White mold of lentil occurs from early flowering to pod setting, usually in highly productive fields with tall, dense stands of lentils. The disease is favored by wet and cool conditions especially on lower ground where dense canopies usually develop. Because winter lentils are exposed to the prolonged wet and cool spring weather, white mold is likely to be more common and more severe in winter lentils than in spring-sown lentils.

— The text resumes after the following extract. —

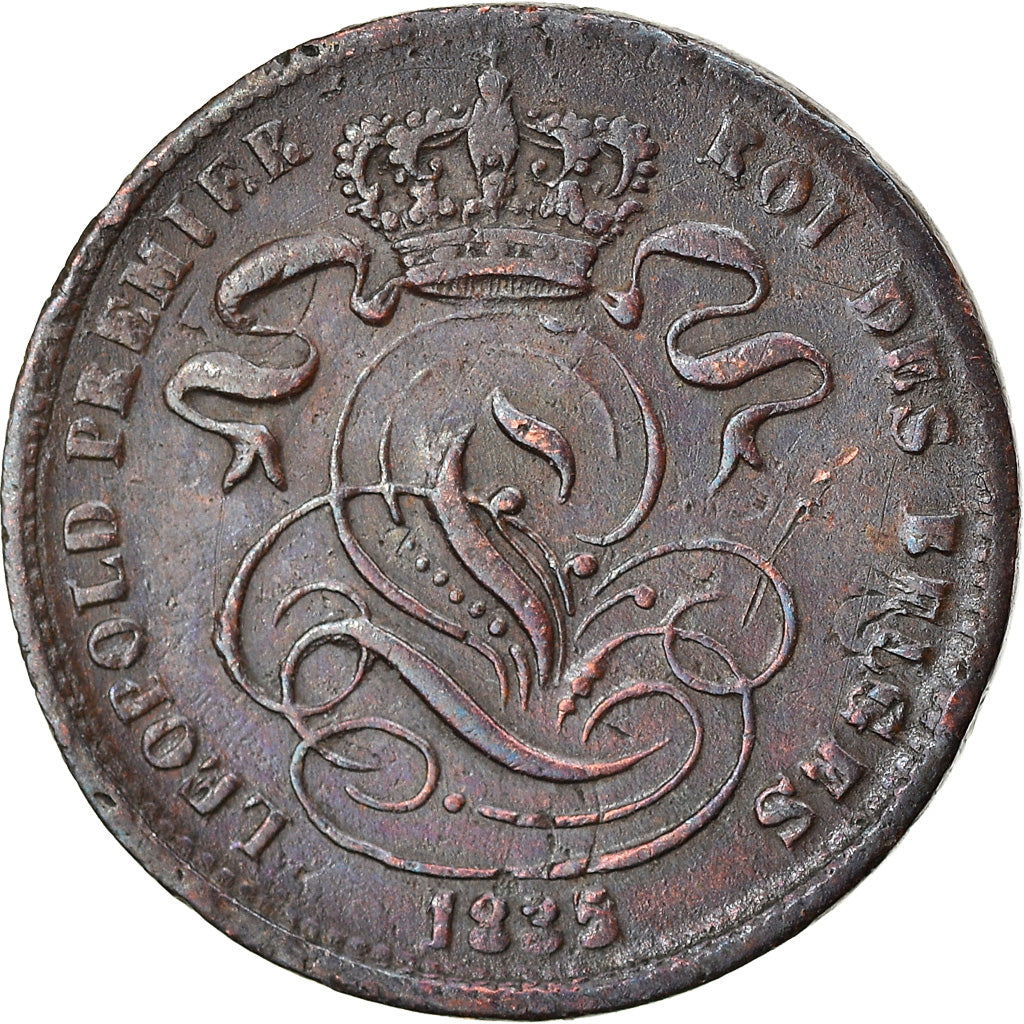 Coin, Belgium, Leopold I, Centime, 1835, EF(40-45), Copper, KM:1.1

Lentil plants infected by white mold first appear bleached near infection site on stems, leaves and stems turn brown to tan, die prematurely. Infected areas are covered with white fluffy mold on infected area Figure 1 (JPEG; 17.5Kb).  Dark brown to black sclerotia develop inside and often outside of the infected plants Figure 2 (JPEG; 16.8Kb).

The pathogen

The pathogen that causes white mold is the fungus Sclerotinia sclerotiorum.  It produces sclerotia that survive adverse conditions Figure 3 (JPEG; 5.48Kb). Sclerotia are hard and black bodies of mycelium, irregular in shape and like mouse droppings in appearance.  Inside the sclerotia is white to pink mycelium which can re-grow under favorable conditions. Under cool and moist soil conditions usually provided by dense canopy, sclerotia germinate either directly by means of mycelium which can infect adjacent lentil plants or they produce small mushroom-like structure called apotheria, which eject ascospores into the air through wind or rain splash.  The ascospores will land on lentil plants and start new infection. This pathogen is known to infect more than 400 plant species. A population of the white mold pathogen obtained from a single lentil field from eastern Washington showed considerable genetic diversity as measured by mycelial incompatibility.

Disease cycle

The sclerotia survive in the soil. During cool and wet conditions, sclerotia can germinate by means of mycelium and infect plant roots. More often, under dense conopy which provides moist and cool conditions, sclerotia germinate by means of mushroom-like apothecia. Apothecia produce and eject ascospores into the air and ascospores may land on plants and start new infection. Infected plant become brown and tan in the infected area and the plant may wilt.  Under dense plant conditions, white fluffy mycelium develop on affected areas, hence the disease name white mold.  The fungus develops more sclerotia on infected plants. During harvest the sclerotia can be either shaken to the ground Figure 4 (JPEG; 891Kb) or collected with grains.  Seeds contaminated with sclerotia may spread the disease to new production areas.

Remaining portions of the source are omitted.